1. Retrieve a row from the index
2. Compare the datetime against the specified value
3. If it matches, return the full row from the database and exit
4. Repeat until end of index reached
Now the first row that matches will cause the search to just exit. This optimization brought the overall runtime from 45 minutes to 3 seconds! Thats right, it apparently ran in 3 seconds.
My friend Peter suggested another optimization that he has told me about in the past. One SELECT query that returns 10 rows is much faster than 10 SELECT queries that return one row each. The application in this case is actually requesting every row of the database twice! First it requests every database row, and then for each one it requests the row immediately following it chronologically. With a little redesign the SQL query in the loop could be removed:
The redesigned PHP with only a single SQL query
Another minor optimization you can usually perform is defining fields as NOT NULL unless you actually need to store null data. I read a blog post once that claimed NULL was the biggest mistake in SQL design. Whether or not that is true is way above my head, but you can definitely squeak a tiny bit more performance out by not allowing NULL if you don't have to.
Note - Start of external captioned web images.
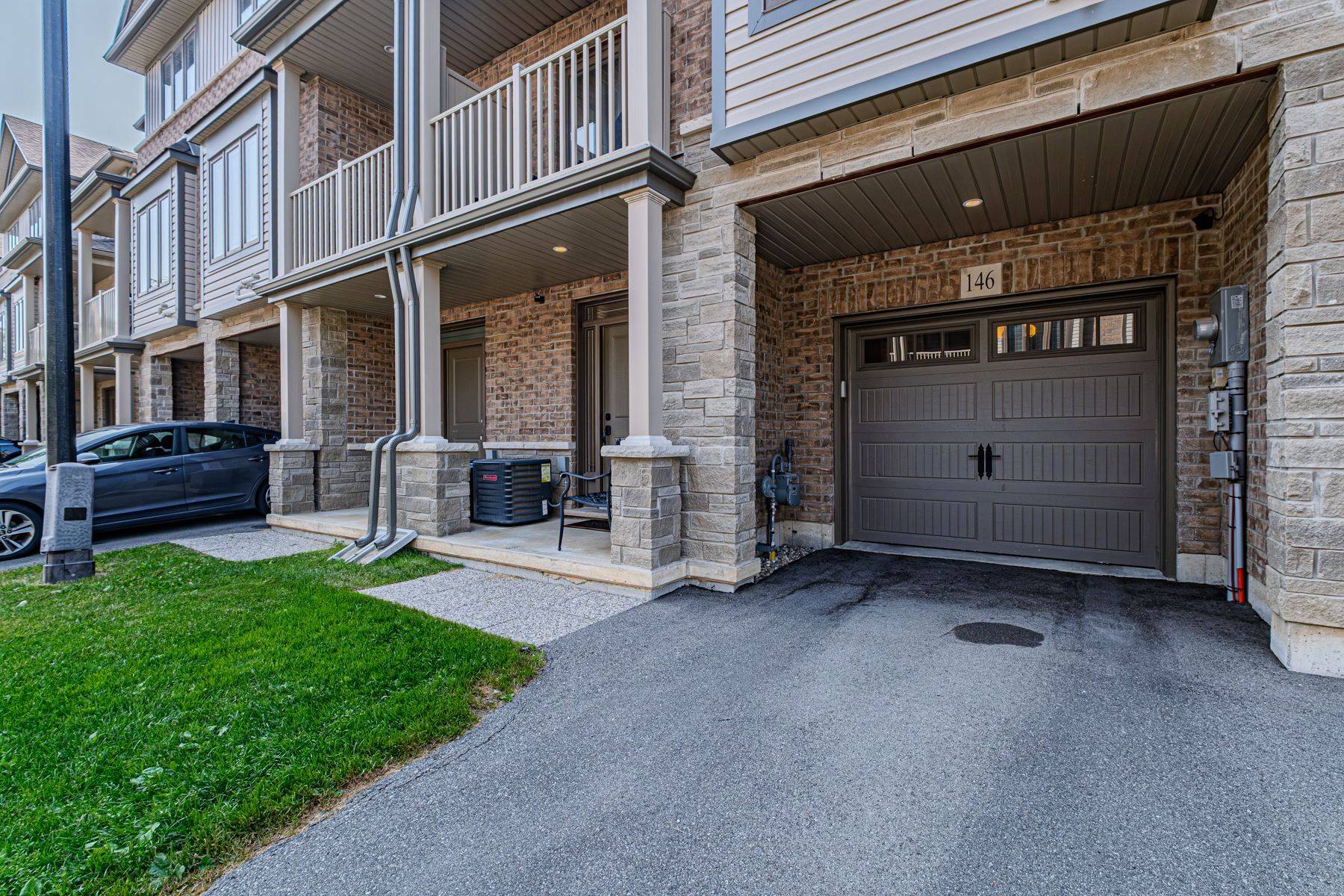 Brant, ON N3T 0R6,77 Diana DR #146
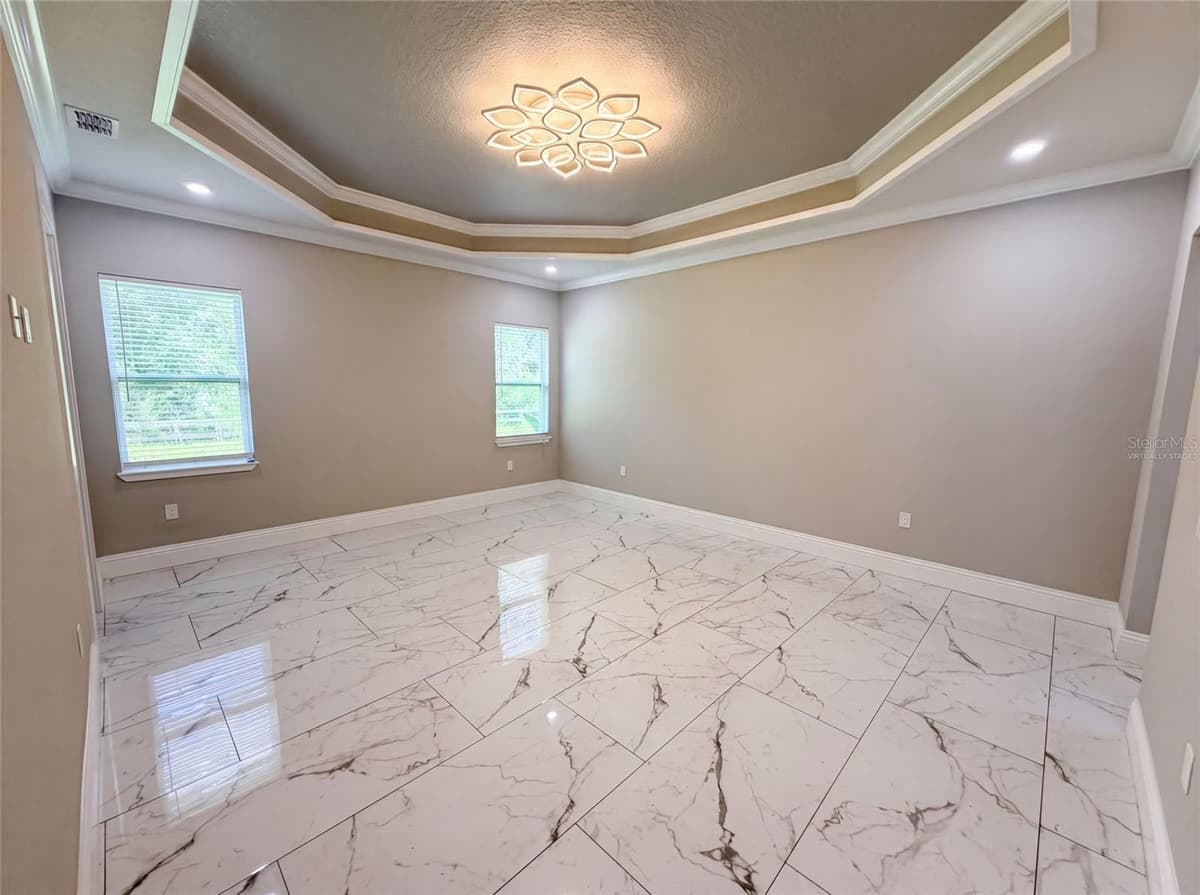 20797 RACINE STREET — photo 4 of 36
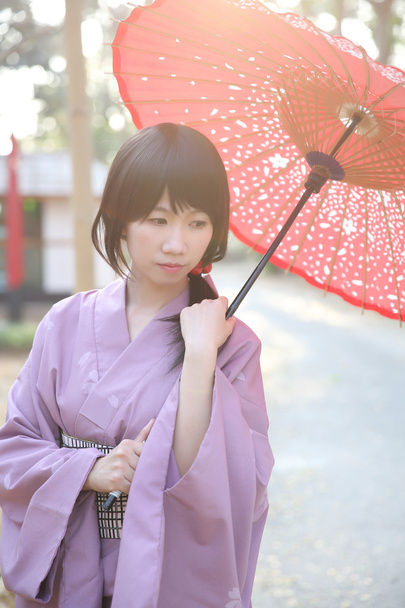 Το κορίτσι με το ιαπωνικό yukata - Φωτογραφία, εικόνα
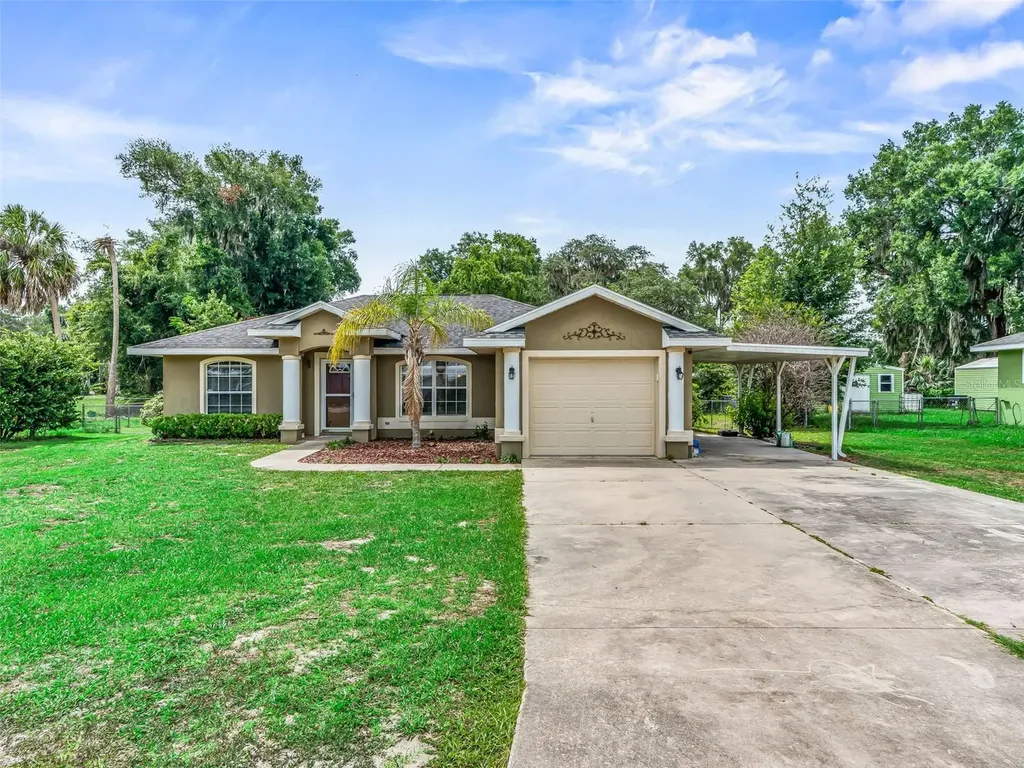 1195 Cr 441 Lake Panasoffkee FL 33538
CREATE TABLE IF NOT EXISTS `MyDatabase`.`TRK` (
`id` int( 11 ) NOT NULL AUTO_INCREMENT PRIMARY KEY ,
`latitude` float NOT NULL DEFAULT '0',
`longitude` float NOT NULL DEFAULT '0',
`altitude` float NOT NULL DEFAULT '0',
`datetime` datetime NOT NULL DEFAULT '0000-00-00 00:00:00',
) ENGINE = MYISAM DEFAULT CHARSET latin1 AUTO_INCREMENT=1 ;
What I've mentioned above is nearly universally true, although creating a lot of different indexes will eventually slow down your database. What I mention below is more in the deep magic category, it may help or hurt your performance. You should always explore the benefits using things like the EXPLAIN command. EXPLAIN is not a standard SQL command, so here is the Postgres and MySQL documentation.
One trick on tables with lots of fields where we regularly need a very small subset of the data is to simply put all the fields in our index. My friend's database already had such an index, but the EXPLAIN command showed it was unused.
CREATE UNIQUE INDEX lldt ON `MyDatabase`.`TRK` (`latitude`,`longitude`, `datetime`);
By redefining this index with datetime first, MySQL will use it when running the search.
CREATE UNIQUE INDEX lldt ON `MyDatabase`.`TRK` (`datetime`, `latitude`,`longitude`);
So now the operation of the database is:
1. Retrieve a row from the index
2. Compare the datetime against the specified value
3. If it matches, return the row from the index and exit
4. Repeat until end of index reached
Combining the two indexes on my friend's database will help the performance of INSERT, UPDATE, and DELETE, but it may end up slowing down SELECT. Only by actually testing it would you be able to tell if it was worth it.